All about those caches

Dear Brother Yocto,
When building an image, I want to include information about the metadata repository that was used by the build.  The os-release recipe seems to be made for this purpose.  I added a .bbappend to my layer with the following:

def run_git(d, cmd):
  try:
    oeroot = d.getVar('COREBASE', True)
    return bb.process.run("git --work-tree %s --git-dir %s/.git %s"
        % (oeroot, oeroot, cmd))[0].strip('\n')
  except:
    pass

python() {
  version_id = run_git(d, 'describe --dirty --long')
  if version_id:
    d.setVar('VERSION_ID', version_id)
    versionList = version_id.split('-')
    version = versionList[0] + "-" + versionList[1]
    d.setVar('VERSION', version)

  build_id = run_git(d, 'describe --abbrev=0')
  if build_id:
    d.setVar('BUILD_ID', build_id)
}

OS_RELEASE_FIELDS_append = " BUILD_ID"

The first build using this .bbappend works fine: /etc/os-release is generated with VERSION_ID, VERSION, and BUILD_ID set to the ‘git describe’ output as intended. Subsequent builds always skip this recipe’s tasks even after a commit is made to the metadata repo. What’s going on?
-Flummoxed by the Cache

Dear Flummoxed by the Cache,

As you’ve already surmised, you’ve run afoul of BitBake/Yocto’s caching systems. Note the plural. I’ve discovered three and I’m far from convinced that I’ve found them all. Understanding how they interact can be maddening and subtle as your example shows.

Parse Cache

Broadly speaking, BitBake operates in two phases: recipe parsing and task execution. In a clean Yocto Poky repository, there are 1000s of recipes. Reading these recipes from disk, parsing them, and performing post-processing takes a modest amount of time so naturally the results (a per-recipe set of tasks, their dependency information, and a bunch of other data) are cached. I haven’t researched the exact invalidation criteria used for this cache but suffice it to say that modifying the file or any included files is sufficient. If the cache is valid on the next BitBake invocation, the already parsed data is loaded from the cache and handed off to the execution phase.

Stamps

In the execution phase, each task is run in dependency order, often with much parallelism. Two separate but related mechanisms are used to speed up this phase: stamps and sstate (or shared state) cache. Keep in mind that a single recipe will generate multiple tasks (fetch, unpack, patch, configure, compile, install, package, etc). Each of these tasks assume that they operate on a common work directory (created under tmp/work/….) in dependency order. Stamps are files that record that a specific task has been completed and under what conditions (environment, variables, etc). This allows subsequent BitBake invocations to pick up where previous invocations left off (for example running ‘bitbake -c fetch’ and then ‘bitbake -c unpack’ won’t repeat the fetch).

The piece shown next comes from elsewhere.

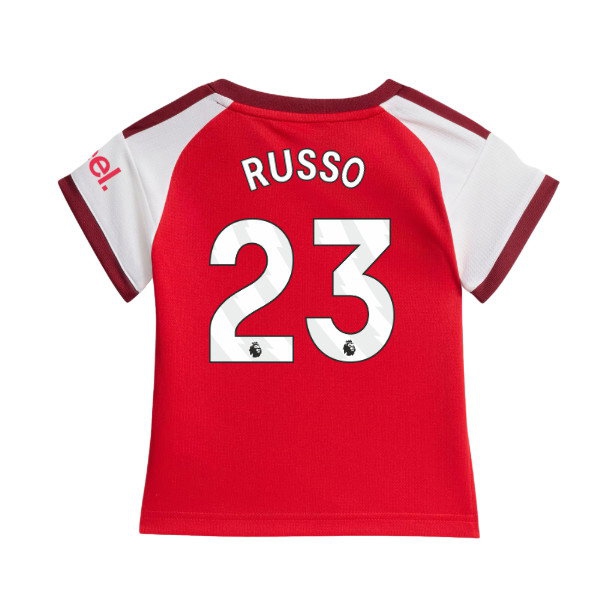 2026-2027 Arsenal Home Baby Kit (Russo 23) — Buy Online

Shared State cache (sstate)

You’re probably wondering what the sstate cache is for then. When I attempt to build core-image-minimal, one of the tasks is generating the root filesystem. To do so, that task needs the packages produced by all the included recipes. Worst case, everything is built from scratch as happens with a fresh build directory. Obviously that is slow so caching comes into play again. If the stamps discussed previously are available, the tasks can be restarted from the latest, valid stamp.

That helps with repeated, local builds but often Yocto is used in teams where changes submitted upstream will invalidate a bunch of tasks on the next merge. Since Yocto is almost hermetic, the packages generated by submitter’s builds will usually match the packages I generate locally as long as the recipe and environment are the same. The sstate cache maps the task hash to the output of that task. When a recipe includes a _setscene() suffixed version of a task, the sstate cache is used to retrieve the output instead of rerunning the task. This combined with sharing of a sstate cache allows for sharing of build results between users in a team. Read the Shared State Cache section in the Yocto Manual for details on how this works and how to setup a shared cache.

Back to the original problem

So, what is going wrong in the writer’s os-release recipe? If you read the Anonymous Python Function section in the BitBake Manual carefully, they are run at parsing time. That means the result of the function is saved in the parsing cache. Unless the cache is invalidated (usually by modifying the recipe or an imported class), the cached value of BUILD_ID will be used even if the stamps and sstate cache are invalidated. To get BUILD_ID to be re-evaluated on each run, the parse cache needs to be disabled for this recipe. That’s accomplished by setting BB_DONT_CACHE = “1” in the recipe.

Note that the stamps and sstate cache are still enabled. There are some subtle details about making sure BitBake is aware that BUILD_ID is indirectly referenced by the do_compile task so that it gets included in the task hash (see how OS_RELEASE_FIELDS is used in os-release.bb). That ensures that the task hash changes whenever the SHA1 of the OEROOT git repo HEAD changes which means the caches will be invalidated then as well.

Confused by all the caches yet?

-Brother Yocto